Bak kut teh and the kind way to deal with Alvivi
Malaysians are surprised and bemused to know that the judge had sent the two bloggers namely; Alvin Tan Jye Yee and Vivian Lee May Ling, to 37 days in jail before they were proven guilty of their actions.
Why so odd, sending them for 37 days in jail, what has this number 37 to do with the two jokers?
Largely there are other ways to deal with both these controversial bloggers, but instead the judge is making a mockery of the law, using the law unfairly, inhumanely, unjustifiably, to send off the two to jail without trial or rather before they are found guilty for their actions.
What happens if both of them are released eventually due to insufficient proof or availability of concrete evidence or grounds to charge them?
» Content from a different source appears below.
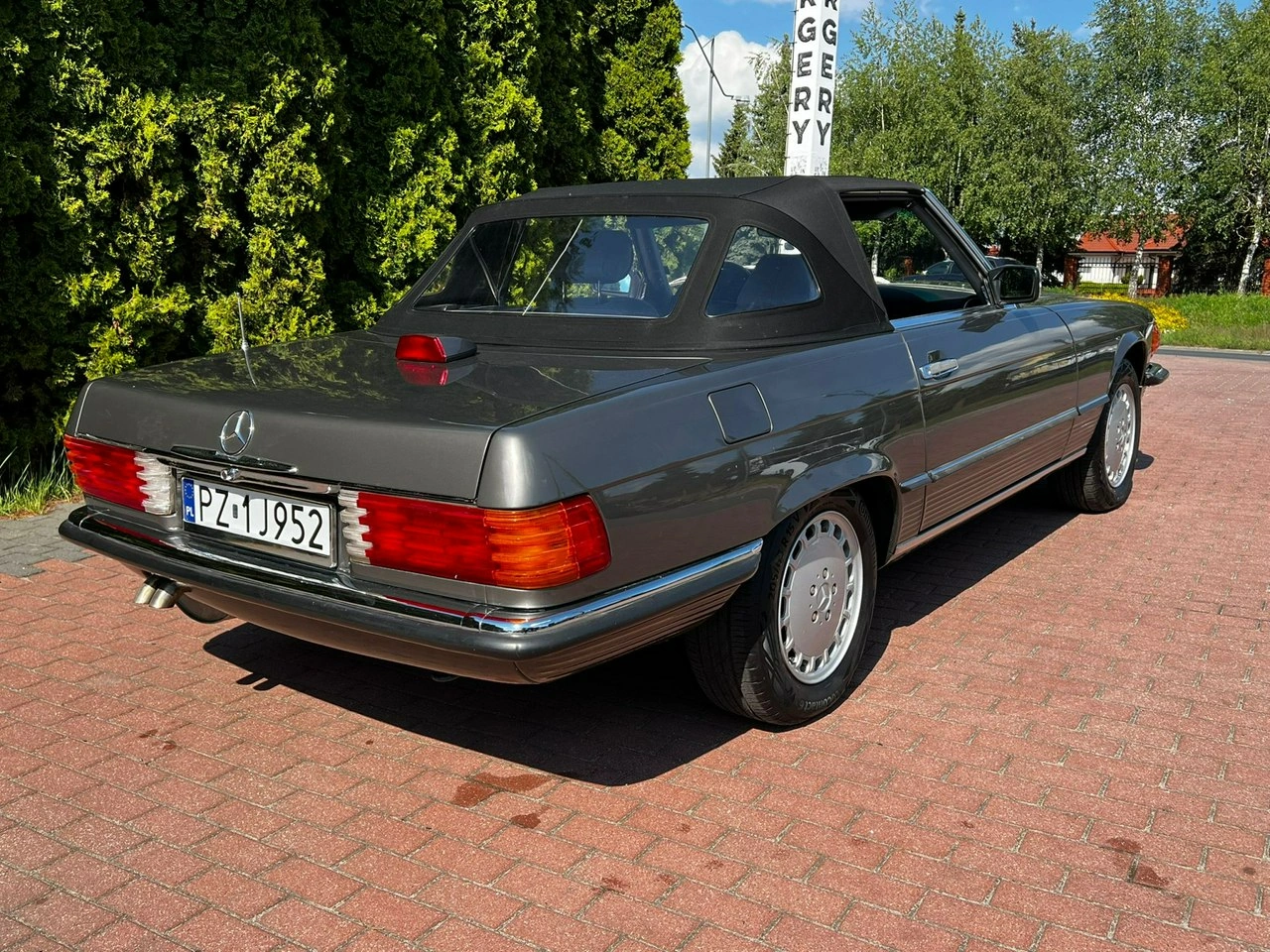 Mercedes SL 560 - Zdjęcie 3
Does this mean the public will soon see another million ringgit lawsuit against the government for wrongful detention?
Some quarters see the wrong use of the law to send people straight to jail before they are found guilty for the offence, and particularly for this ‘bak kut teh’ case, it is indeed outrageous and against the practice of human rights and freedom of speech.
Look, I believe you have seen on TV over time that even US President Barrack Obama, the British Queen and other top guns have been ridiculed, intimidated and criticised on air but yet no one comes forward to charge the TV station or the TV host for allowing such contents to come on air. This is true freedom of speech.
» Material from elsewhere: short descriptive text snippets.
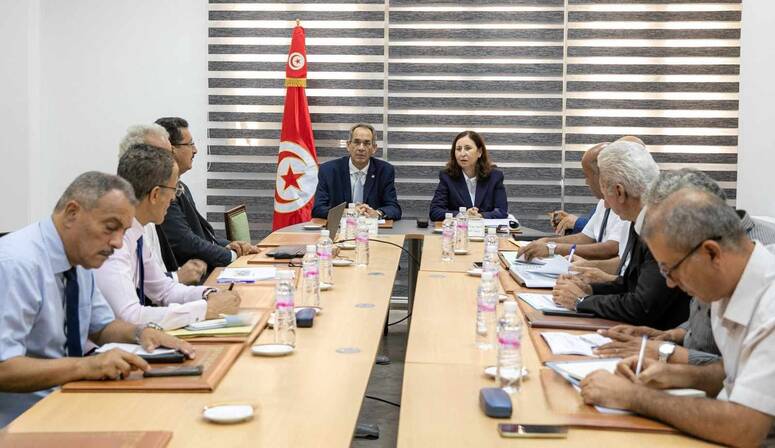 تمت مناقشة الإجراءات المستعجلة لتسريع نسق إنجاز بعض المشاريع التي تشهد صعوبات في الإنجاز من أهمّها مشروع بناء مقرّ المدرسة الوطنية للمهندسين ببنزرت المموّل من الوكالة الفرنسية للتنمية الذي بلغت نسبة ت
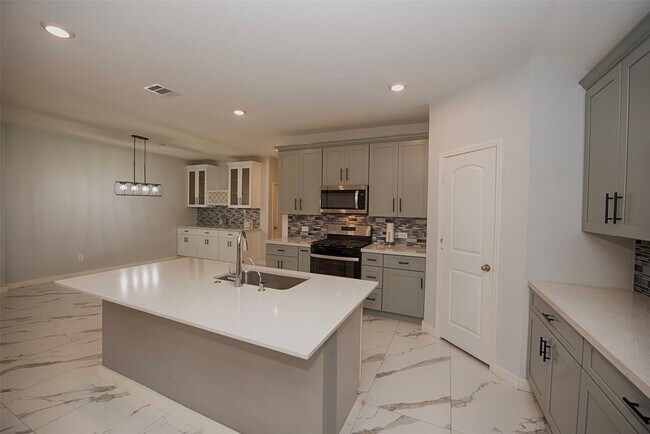 Building Photo - 15223 Mayflower St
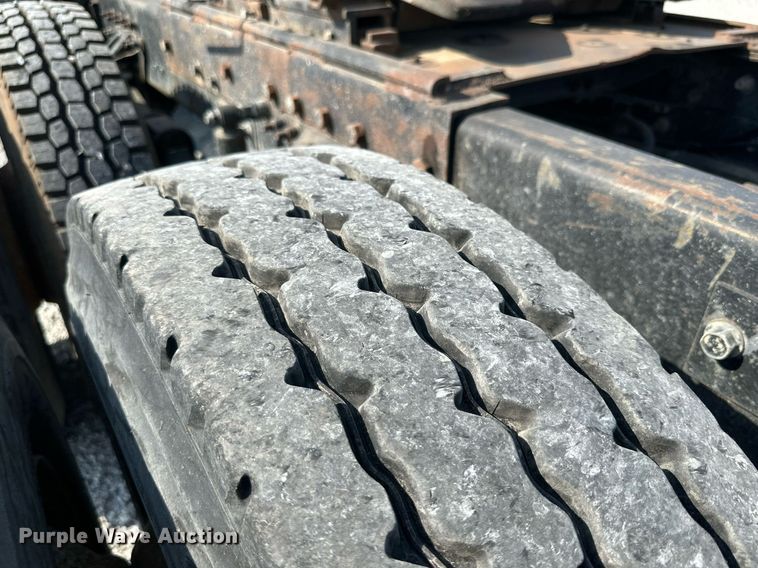 image for item NI9791 1997 Mack CH613  semi truck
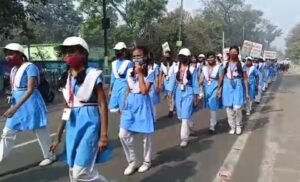 Read more about the article ଆରଟିଓ ପକ୍ଷରୁ ସଡ଼କ ସୁରକ୍ଷା ସପ୍ତାହ ପାଳିତ, ଯୋଗଦେଲେ ଶତାଧିକ ସ୍କୁଲ ଛାତ୍ରଛାତ୍ରୀ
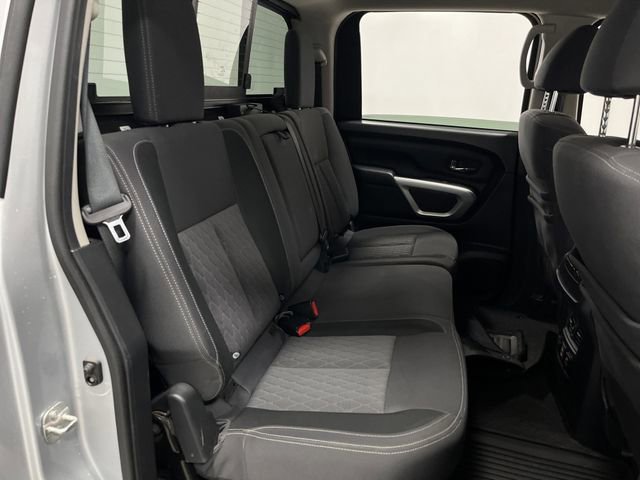 Used 2020 Nissan Titan SV w/ SV Convenience Package image 32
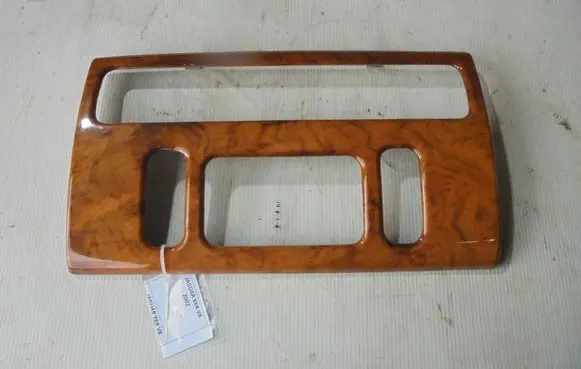 Jaguar XK8 - XKR Dashboard center trim panel 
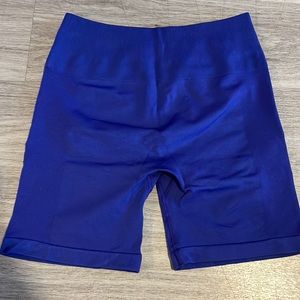 Aurola intensify workout shorts. Color: Very Peri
Okay, let’s first try to decipher the words ‘bak kut teh’ one by one. In the old days, coolies, and businessmen liked going out at dusk with their work mates to spend time out to chit-chat over a bowl of bak kut teh because there was hardly a place where they could sit down especially in the open air to eat, drink and talk after a hard day’s work for just one or two dollars (now ringgit). And, they are sold until the wee hours of the night, because business starts from 7pm onwards until everything is sold out.
For those who wee affluent, they would go to the cabarets to listen to music and songs, to dine and unwind alone or with friends in Bukit Bintang, in the Eastern Hotel, or Federal Hotel. Of course they could also dance too to the live band played there with their lady companion or dance hostesses for less than a dollar. But not the poor.
Well, bak kut teh has been associated from the very beginning with people from the Hokkien community and it is a Hokkien name for the dish that comes with the first word ‘bak’ for meat, ‘kut’ for bones or rather for spare ribs and ‘teh’ for Chinese tea.
So when a customer orders for a bowl of bak kut teh, he or she does not need to pay for Chinese tea because it comes as a set of three items in the old days. That means he or she will get meat, bones (spare ribs) and Chinese tea.
That brings us to the specifics for the word ‘bak’, since it means meat, then, ‘bak’ could be any meat such as beef, mutton, chicken or pork. However, it’s a matter of preference and choices and its servings depending on where you go for your bowl.
So as long both the controversial bloggers did not shout, ‘pork’ in public places then their acts cannot be offensive in nature though they have uttered the words, bak kut teh, in that one could have any kind of meat in his or her bowl of bak kut teh.
Anyway, not everybody goes online to read Alvivi’s postings. I am one of those who don’t and I will not try to go online to see it.
I am urging the relevant government body to release the couple, as what they can do instead is to temporarily confiscate their passports and have them report to the nearest police station once every two weeks for good behaviour for say six months, thereafter, their passports would be returned to them and they can also stop going to the police station.
The writer is a community activist from Subang Jaya.